─── Data records

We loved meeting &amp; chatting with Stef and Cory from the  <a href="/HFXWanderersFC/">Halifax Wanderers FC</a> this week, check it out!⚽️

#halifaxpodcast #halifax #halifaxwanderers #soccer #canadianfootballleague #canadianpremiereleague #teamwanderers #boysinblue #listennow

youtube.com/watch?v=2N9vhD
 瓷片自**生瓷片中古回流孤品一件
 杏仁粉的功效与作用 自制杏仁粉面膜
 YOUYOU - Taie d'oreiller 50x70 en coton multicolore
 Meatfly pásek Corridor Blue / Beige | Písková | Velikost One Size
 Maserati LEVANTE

──────

[How to complete this task]
Retype the records above exactly.

[Written answer]
We loved meeting &amp; chatting with Stef and Cory from the  <a href="/HFXWanderersFC/">Halifax Wanderers FC</a> this week, check it out!⚽️

#halifaxpodcast #halifax #halifaxwanderers #soccer #canadianfootballleague #canadianpremiereleague #teamwanderers #boysinblue #listennow

youtube.com/watch?v=2N9vhD
 瓷片自**生瓷片中古回流孤品一件
 杏仁粉的功效与作用 自制杏仁粉面膜
 YOUYOU - Taie d'oreiller 50x70 en coton multicolore
 Meatfly pásek Corridor Blue / Beige | Písková | Velikost One Size
 Maserati LEVANTE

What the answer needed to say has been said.